— Я получил образование на французском языке, сегодня даже думаю по-французски, хотя в семье у нас говорили по-русски. Окончил сельскохозяйственный институт, изучал садоводство. В эмигрантской среде все думали, что мы вернемся в Россию и придется заниматься восстановлением имений. Но судьба распорядилась иначе. Я всегда увлекался спортом, в частности велосипедными гонками, и в 1932 году даже выиграл чемпионат Парижа. На меня обратил внимание редактор газеты L'Auto: мол, с каких это пор аристократы начали участвовать в гонках? Надо сказать, что в Европе обожают этот вид спорта, но среди участников на турнирах «Тур де Франс» или «Тур де Итали» никогда не было персон с титулами. Аристократы обычно играют в гольф, теннис, катаются на яхтах, но не гоняют на велосипедах. И вот редактор решил со мной познакомиться, принял в своем кабинете и предложил: «В 1936 году в Берлине пройдут XI Олимпийские игры, мне нужен там корреспондент». Я, двадцатилетний, был горд, что мной заинтересовалось издание с полумиллионным тиражом и, конечно, согласился. Мне выдали аусвайс, автомобиль, и я отправился в Германию. Это был самый разгар фашистского правления. Удивительное дело: хотя я колесил по стране и делал репортажи, но не замечал того, что Германия готовится к войне. Думаю, что и другие люди этого не чувствовали, ведь по улицам не было развешено военных лозунгов. Когда Гитлер пришел к власти, он стал строить дороги, дал работу людям, так что многие были в восторге. Правда, мой дедушка встречался с Гитлером и отзывался о нем как о человеке весьма посредственного ума. Но тот выбрал повелительный тон в общении с народом, и это сработало. Я тоже видел Гитлера на Олимпиаде, и даже сфотографировал его, несмотря на охрану. Это были соревнования по бегу, фаворитами считались немец Борхмайер и темнокожий американец Джесси Оуэнс. Все были уверены, что немец победит, но первым пришел американец. Гитлер немедленно покинул стадион с крайне недовольным видом...
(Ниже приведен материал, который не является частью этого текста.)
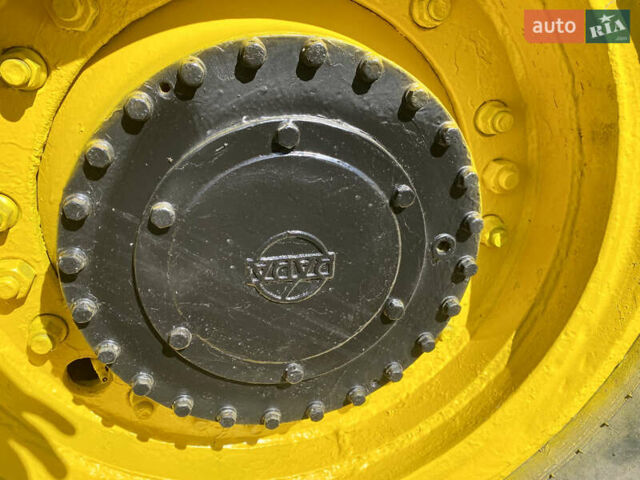 Желтый Амкодор ТО-18, объемом двигателя 10 л и пробегом 2 тыс. км за 9200 $, фото 11 на Automoto.ua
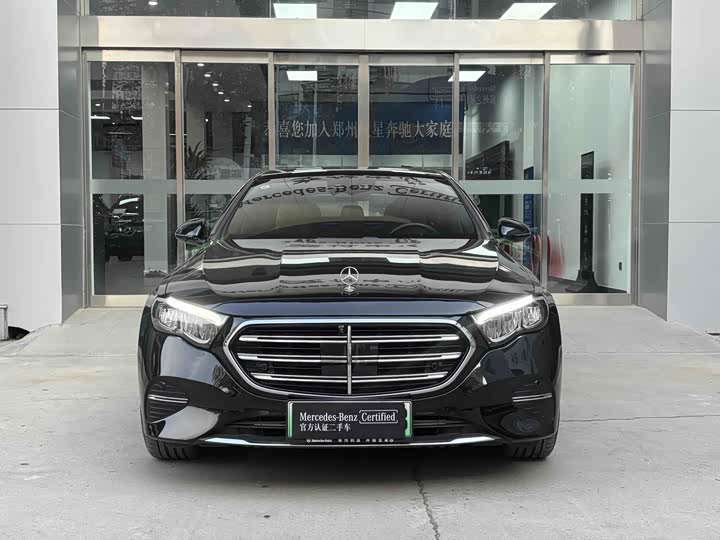 Mercedes-Benz E-Class Hybrid 2024 2024款 E 350 e L 插电式混合动力轿车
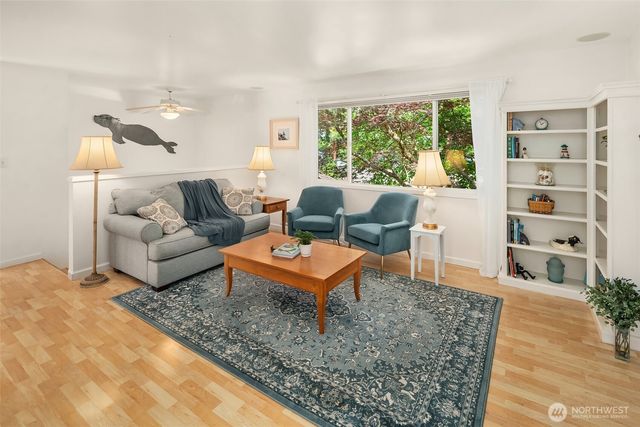 8760 SW 190th Street, Vashon, WA 98070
Каждый день я диктовал стенографистке по телефону свои заметки. Получалось хорошо, поскольку стиль письма у меня был бойкий, в спорте я разбирался и по-французски изъяснялся не хуже коренных французов. Даже начальство в газете не подозревало, что я русский. К тому же я любил свою работу. Надо сказать, что журналистика принесла мне первые большие деньги — я посылал маме и смог купить первый автомобиль.
Я обзавелся множеством знакомых в спортивном мире — известнейшие спортсмены давали мне интервью, со многими стал общаться лично. Начальство в газете меня хвалило. Но началась Вторая мировая, и мои спортивные репортажи стали никому не нужны.
В военные годы я жил в Лугано у своего самого близкого друга Рудольфа Караччиолы, легендарного автогонщика. Он был лучшим в Европе в 30-е годы! Я стал в его доме садовником, сажал картошку, а еще развел кур, что позволило нам не голодать в военные годы. Через какое-то время поехал в Ниццу ухаживать за матерью, поскольку она уже была старенькая. Позже похоронил ее на русском кладбище в нашем семейном склепе, куда со временем попаду и я. Уже все готово: есть и надпись, и фотография, нет только даты смерти. Есть еще один тонкий момент. Удивительное дело, но я стал первым Фальц-Фейном, который принял православие — все остальные были лютеране. В Ницце красивый православный собор, каждые субботу и воскресенье все эмигранты отправлялись на службу, меня брал с собой дедушка. Но на русское кладбище в Ницце не пускают православного священника. Так что пока не знаю, как все будет. Ясно, что отпевание пройдет в православном храме. Но сколько будет священников — двое? Как вам это нравится? Для меня это просто ужас.